Мгновения шли… Распутин подбегал уже к воротам, тогда я остановился, изо всех сил укусил себя за кисть левой руки, чтобы заставить сосредоточиться, и выстрелом (в третий раз) попал ему в спину. Он остановился, тогда я, уже тщательно прицелившись, стоя на том же месте, дал четвертый выстрел, попавший ему, как кажется, в голову, ибо он снопом упал ничком в снег и задергал головой. Я подбежал к нему и изо всей силы ударил его ногою в висок. Он лежал с далеко вытянутыми вперед руками, скребя снег и, как будто бы желая ползти вперед на брюхе; но продвигаться он уже не мог и только лязгал и скрежетал зубами.
Я был уверен, что сейчас его песня действительно спета и что больше ему не встать.
Простояв над ним минуты две и убедившись в том, что сторожить его больше бесполезно, я быстрыми шагами направился обратно через ту же маленькую дверь во дворец, но помню ясно, что в промежуток моей стрельбы по Распутину по панели на улице прошли два человека, из коих второй, услышав выстрел, кинулся в сторону от решетки и побежал.
– Что делать? Что делать? – твердил я себе вслух, пройдя в гостиную». (Пуришкевич В. Дневник «Как я убивал Распутина». М., 1990. С. 74–76)
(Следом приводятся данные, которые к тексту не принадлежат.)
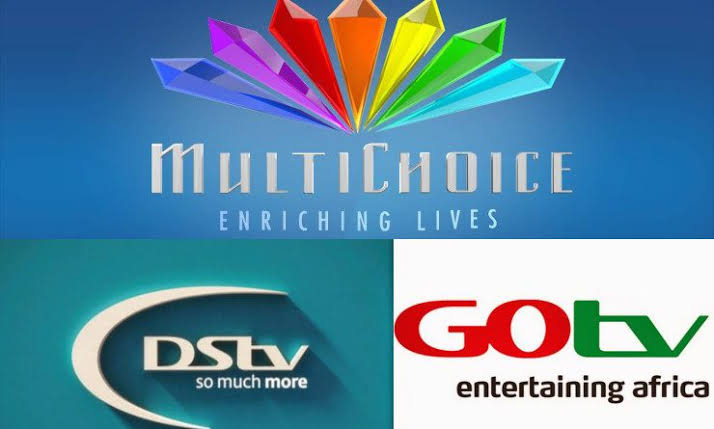 Multichoice hikes dstv gotv prices - nigeria newspapers online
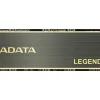 ADATA SSD Flash Leg 840 M.2 2280 NVMe 512 GB – SSD (Solid State Disks) comparez les prix 10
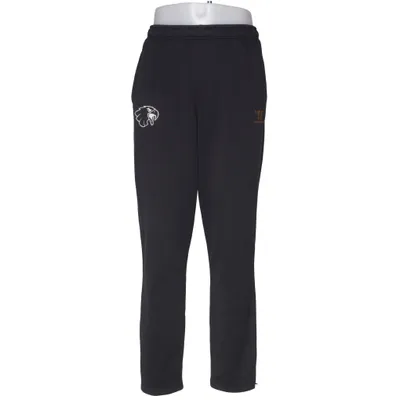 Pantalon de survêtement (Noir) de Warrior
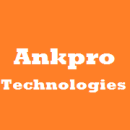 Photo of Ankpro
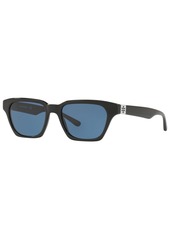 Tory Burch Sunglasses, TY7119 51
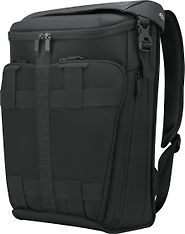 Lenovo Legion Active Gaming Backpack 17" -reppu, kuva 3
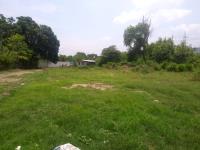 Terreno en venta en Francisco I Madero, Poza Rica de Hidalgo — foto 3 de 5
Осмотревшись вокруг, убедившись, что все улицы пустынны и выстрелы никого еще не встревожили, я вошел во двор и направился к сугробу, за которым упал Распутин.
Он уже не проявлял никаких признаков жизни. На его левом виске зияла большая рана, которую, как я впоследствии узнал, нанес ему Пуришкевич каблуком.
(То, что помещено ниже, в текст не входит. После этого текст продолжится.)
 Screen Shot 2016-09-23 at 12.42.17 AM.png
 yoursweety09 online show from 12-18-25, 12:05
Между тем в это время с двух сторон ко мне шли люди: от ворот, как раз к тому месту, где находился труп, направлялся городовой, а из дома бежали двое из моих служащих. Все трое были встревожены выстрелами.
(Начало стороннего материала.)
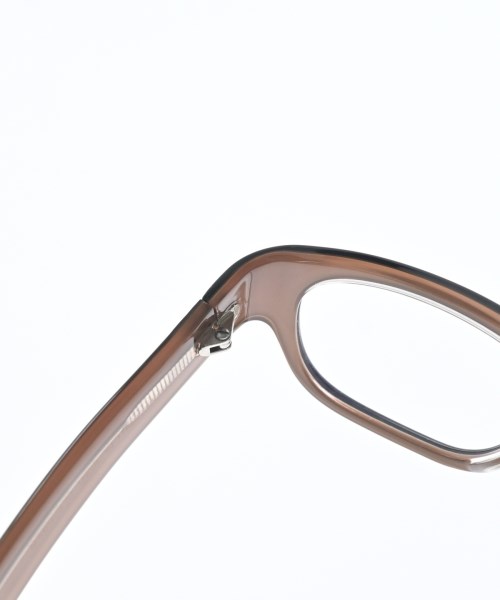 MARNI（マルニ）サングラス 黒 サイズ:- メンズ/2200645937183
Городового я задержал на пути. Разговаривая с ним, я нарочно повернулся лицом к сугробу так, чтобы городовой был вынужден стать спиной к тому месту, где лежал Распутин.
– Ваше сиятельство, – начал он, узнав меня, – тут были выстрелы слышны; не случилось ли чего?
– Нет, ничего серьезного, глупая история: у меня сегодня была вечеринка и кто-то из моих товарищей, выпив лишнее, стал стрелять и напрасно потревожил людей.
– Если кто-нибудь тебя станет спрашивать, что здесь произошло, скажи, что все обстоит благополучно.
Разговаривая с городовым, я довел его до ворот и затем вернулся – к тому месту, где лежал труп. Около него стояли мои служащие. Пуришкевич поручил им перенести тело в дом. Я подошел ближе к сугробу.
Распутин лежал, весь скрючившись, и уже в другом положении.
– Боже мой, он все еще жив! – подумал я.
На меня снова напал ужас при мысли, что он опять вскочит и начнет меня душить; я быстро направился к дому. Войдя в свой кабинет, я окликнул Пуришкевича, но его там не оказалось. Ужасный, кошмарный шепот Распутина, звавшего меня по имени, все время звучал в моих ушах. Мне было не по себе. Я прошел в мою уборную, чтобы выпить воды. В это время вбежал Пуришкевич.
– Вот вы где, а я всюду вас ищу! – воскликнул он.
В глазах у меня темнело, мне казалось, что я сейчас упаду.
Пуришкевич, поддерживая меня под руку, повел в кабинет. Но не успели мы в него войти, как пришел камердинер и доложил, что меня хочет видеть все тот же городовой, который на этот раз вошел через главный подъезд, минуя двор.
Свидетельства и последовательность событий рознятся в воспоминаниях князя Ф.Ф. Юсупова и В.М. Пуришкевича. В частности, депутат Государственной Думы утверждал:
«Один из них принялся за исполнение моего приказания, а другого я позвал через несколько минут на верх и, услышав от него, что стоявший на посту, на углу Прачешного и Максимилиановского переулков городовой, приходивший осведомляться о том, почему здесь стрельба, чрез полчаса будет сменен другим и должен будет доложить своему начальству обо всем произошедшем в его районе во время его дежурства, приказал позвать его к себе.
Через десять минут городовой был введен солдатом в кабинет. Я быстро окинул его взглядом с ног до головы и сразу понял, что это тип служаки старого закала, и что я допустил ошибку, позвав его к себе; но делать было нечего, приходилось считаться со случившимся.